# Performing set operations

Users often call for a way to concatenate results into a single list. In this tutorial, work through some examples of different techniques that are available.

## Prerequisites

This tutorial works with Druid 26.0.0 or later.

Launch this tutorial and all prerequisites using the `druid-jupyter` profile of the Docker Compose file for Jupyter-based Druid tutorials. For more information, see [Docker for Jupyter Notebook tutorials](https://druid.apache.org/docs/latest/tutorials/tutorial-jupyter-docker.html).

<details><summary>    
<b>Run without Docker Compose</b>    
</summary>

If you do not use the Docker Compose environment, you need the following:

* A running Druid instance.
* [druidapi](https://github.com/apache/druid/blob/master/examples/quickstart/jupyter-notebooks/druidapi/README.md), a Python client for Apache Druid. Follow the instructions in the Install section of the README file.
* [matplotlib](https://matplotlib.org/), a library for creating visualizations in Python,
* [pandas](https://pandas.pydata.org/), a data analysis and manipulation tool.
* Jupyter notebook or Jupyter Lab. See [jupyter.org](https://jupyter.org/) for installation instructions.

</details>

### Initialization

Run the next cell to attempt a connection to Druid services. If successful, the Druid version number will be shown in the output.

In [None]:
import druidapi
import os

if 'DRUID_HOST' not in os.environ.keys():
    druid_host=f"http://localhost:8888"
else:
    druid_host=f"http://{os.environ['DRUID_HOST']}:8888"
    
print(f"Opening a connection to {druid_host}.")
druid = druidapi.jupyter_client(druid_host)

display = druid.display
sql_client = druid.sql
status_client = druid.status

status_client.version

### Load example flight data

Once your Druid environment is up and running, ingest the sample data for this tutorial.

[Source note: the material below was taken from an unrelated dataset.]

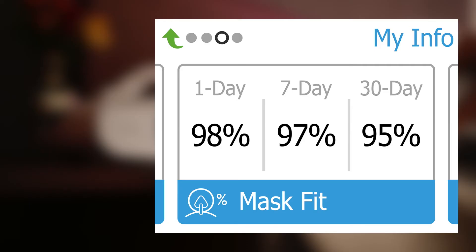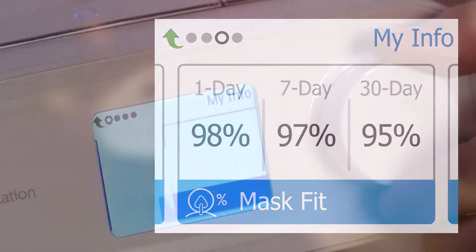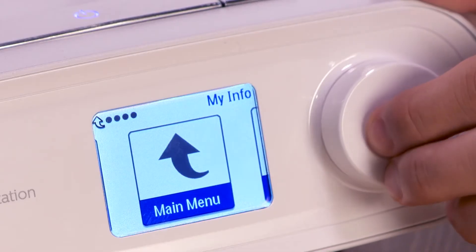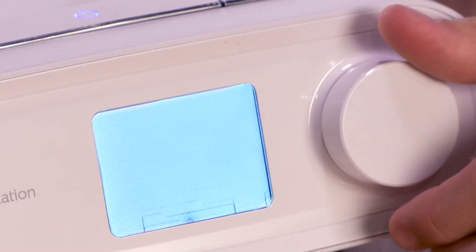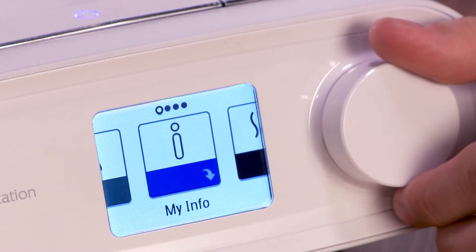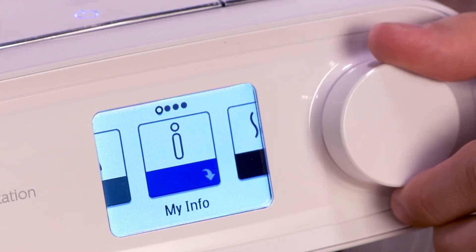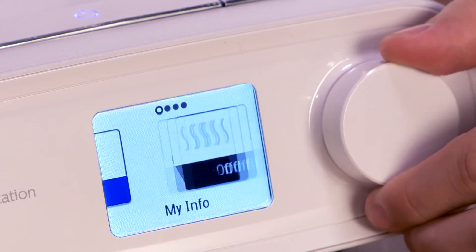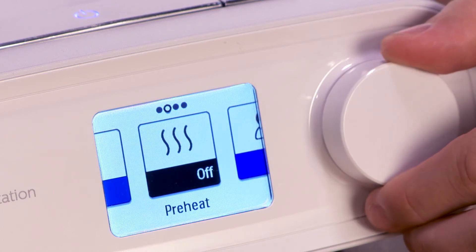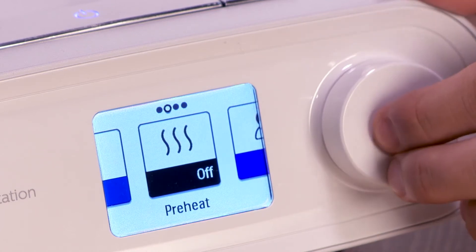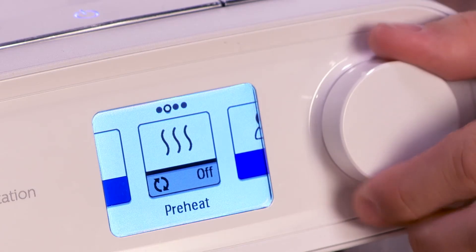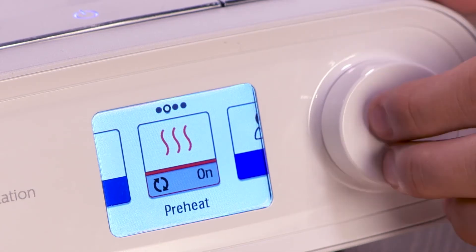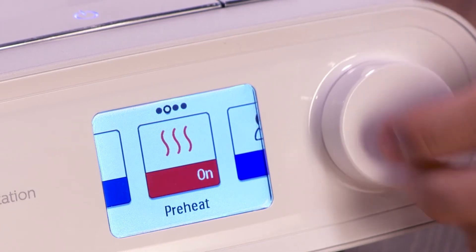From a submenu, rotate to the main menu screen and push the dial to return to the home screen. If you have the optional humidifier on your DreamStation, you will see the Preheat screen. This screen allows you to warm up your humidifier for up to 30 minutes before you start your therapy session.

Open the Druid console, and ingest the data as follows:

1. Load data
2. Batch - SQL
3. Example data
4. Select "FlightCarrierOnTime (1 month)"

For the purposes of this notebook, use all the defaults suggested by the console, including the default datasource name: 

`On_Time_Reporting_Carrier_On_Time_Performance_(1987_present)_2005_11`

When this is completed, run the following cell for the final part of the initialization. This will provide us some methods to call as we explore what TopN does.

In [None]:
import json
import matplotlib
import matplotlib.pyplot as plt
import pandas as pd

## Concatenating result sets with `UNION ALL`

Execute the following query to combine together two different queries - one that contains 10 flights taking off from San Fransisco at around 11 o'clock in the morning, and another with flights departing from Atlanta in the same hour.

In [None]:
sql = '''
WITH
set1 AS (
  SELECT
  __time,
  "Origin",
  "Tail_Number",
  "Flight_Number_Reporting_Airline"
  FROM "On_Time_Reporting_Carrier_On_Time_Performance_(1987_present)_2005_11"
  WHERE Origin = 'SFO'
  AND DATE_TRUNC('HOUR', __time) = TIMESTAMP '2005-11-01 11:00:00'
  ORDER BY __time
  LIMIT 10
  ),
set2 AS (
SELECT
  __time,
  "Origin",
  "Tail_Number",
  "Flight_Number_Reporting_Airline"
  FROM "On_Time_Reporting_Carrier_On_Time_Performance_(1987_present)_2005_11"
  WHERE Origin = 'ATL'
  AND DATE_TRUNC('HOUR', __time) = TIMESTAMP '2005-11-01 11:00:00'
  ORDER BY __time
  LIMIT 10
  )
  
SELECT * from set1
UNION ALL
SELECT * from set2
'''

display.sql(sql)

This is what's known as a [top-level](https://druid.apache.org/docs/latest/querying/sql.html#top-level) `UNION` operation: each set of results was gathered individually, one after the other, and the list of results concatenated.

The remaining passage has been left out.